Places like the Plough & Stars were open at the time but decidedly NOT rock clubs. Not many rock and roll bars survived for long in the land of “Soda & Lime” which is how I describe Cambridge, which certainly was not a town with a reputation for beer drinkers. You would be better off to open a Tall Man’s clothing shop in Tokyo than a rock club in Cambridge, MA.  

At the time, as I can recall, there was anywhere between 14 to16 original rock and roll venues open at any one time in Boston. Some of these were: Jonathan Swifts, TTs, Jack’s, The Rat, Storyville, The Insquare Men’s Bar, The Channel, Green St. Station in J.P., Club III in Somerville, Bunratty’s, The Paradise, Johnny Ds, Harper’s Ferry, Chet’s Last Call, O’Brians and Ed Burke’s in J.P. There seemed to be no lack of places to play and many of the most popular acts like Til Tuesday, Berlin Airlift, Scruffy the Cat, City Thrills, Robin Lane, The Del Fuegos, The Dogmatics, The Stompers and The Neighborhoods we out playing a couple of nights a week. These bands were tight as anything out there since they were working so much.

Our band, Cool McCool, played TT’s maybe about a dozen times in the 6 years we banged around the Boston music scene. We started on a Tuesday of course but never really worked our way into the place past Thursday. You have to draw in this business and although most shows were well attended, we never could pack the place like they always insisted.

We were part of the RosBury Sound (Roslindale/West Roxbury) group of bands of which ourselves, Uncalled For, Stop Calling Me Frank, The Visigoths and The Infections were the better known and it was always a struggle to get people from that area into Cambridge on, say, a Wednesday for an 11 o’clock set. Hell, it wasn’t like they made it easy for you since it was cheaper to get into the Channel, the beer was more expensive there and they didn’t give you a lot of time to play.

A 45 minute set was the most you were ever going to get and many times you didn’t get that. A 30 minute set was always a looming possibility. You just never knew how many bands were going to show up on your night. And if you couldn’t make the 6 o’clock sound check, you were bumped to the last band to step on stage on a work night but none of this was an uncommon practice on the “New Music” or in other words: “ No Money” scene. Not exactly the stuff of legends.

Come to think of it, I really can’t recall anybody of note playing there beyond an occasional Barrance Whitfield and Pajama Slave Dancers double bill. No, TT the Bear’s Place’s stock and trade seemed to come from beating on Boston’s newest bands to bring a drinking draw since they’d give you a gig to start playing somewhere.  Chet’s was at least a square deal but if Chet wouldn’t book you, the next step on the ladder to the bottom that had its own sound system was TT the Bear’s Place.

We could never figure out where all the money TT’s was fleecing the bands out of was going except perhaps up the noses of management. It was six bucks to get in to see your friends play for 30 minutes and the beers, Bud bottles, were like $2.50 and they hardly paid the bands anything in comparison to the draw. I don’t think we ever walked out of there with anything more than $50.00 for the band with 2 free drinks each. If you said anything they’d just tell you to go play someplace else. Needless to say, I was never a fan of that business model.
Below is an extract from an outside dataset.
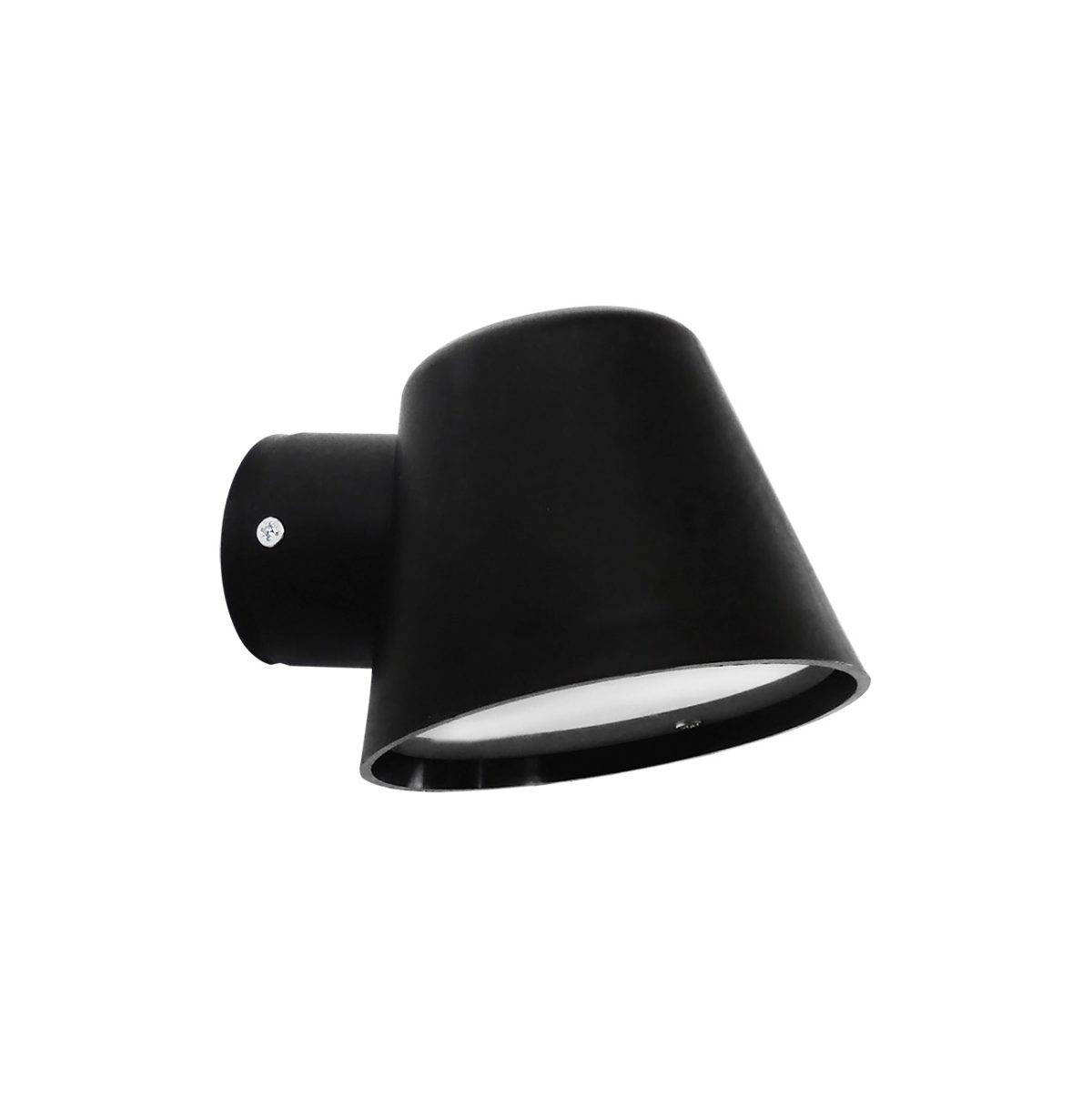 Heronia Απλίκα/σπότ  C-09 1L BLACK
Musically it wasn’t a bad place to play. The people were cool, the sound was good, people seemed to enjoy our stuff and we managed to get our underage entourage past the doormen (again) with that old standby, “the Roadie Ruse”. But there were a few things that I remember happened there:

At one show James, our guitar player, was having a hard time keeping the guitar in tune. This sort of thing didn’t happen all the time but there are some days you just don’t hear so well and the tuner isn't helping in a room full of chatting rock & roll fans. Anyway the soundman had enough of that after the second song and left his station, took a running leap up onto the front of the stage, takes James’s guitar, tunes it, hands it back to him without a word and goes back to his business as soundman. Then with a quick look to see if everyone was ready we jump straight into the next song on the setlist like nothing happened.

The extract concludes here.